Well, yes.  Who is better positioned that someone who has lived that life to really understand at a deep level how incompletely achievement leads to joy?  Nobody.  And as I’ve written before, all of my frantic success was actually a way to avoid engaging with my own truest desires.  It is only when I let go of that map, released my reliance on an life shaped by external validation, that I began to experience real contentment.  And that was found – yes – in the most ordinary things.  In my children’s instinctive hush when they walked around Walden Pond.  In my observation of how light changes in fundamental ways as we wheel through the year.  In the quiet words of poets that whisper insistently in my head.

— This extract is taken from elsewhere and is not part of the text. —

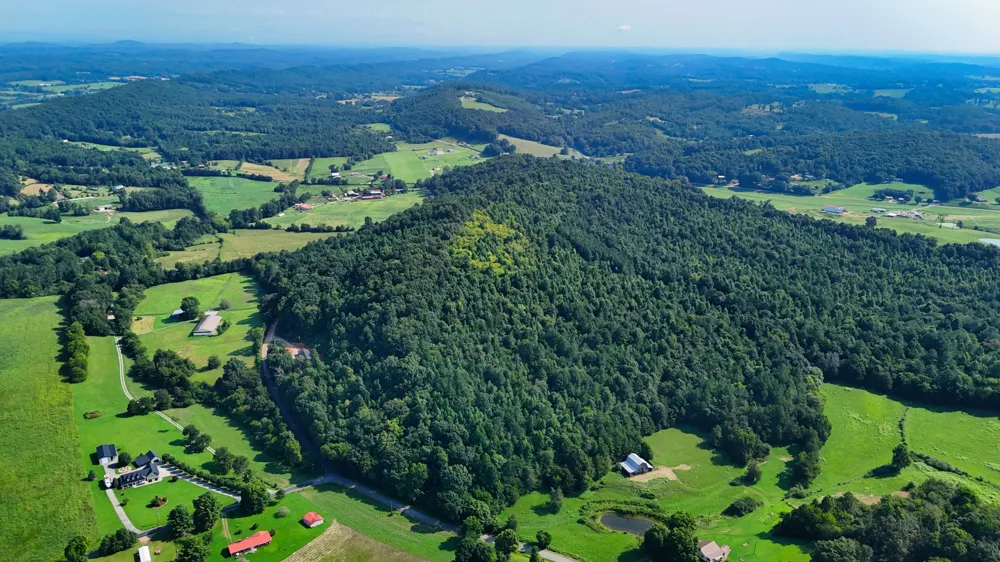1 Moss Rd Philadelphia, TN 37846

There is absolutely nothing wrong, in my view, with achievement, and I plan to keep teaching my children that hard work and goals are critically important.  But this has to be coupled with learning to listen to what Robert Browning called “the low voice my soul hears.”  I want to celebrate my children’s ambition and give them many opportunities to taste the wonder of ordinary life.  Surely it’s possible to do both?  I’m certainly going to try.  When their deepest desires come up against what the world wants them to do, though, I hope they’ll choose the former.  It took me 30 years to have the strength to do that, and I’ve never looked back.

How do you think you measure success?  How do you walk this line in your own life, and, if you are a parent, as you help your children navigate theirs?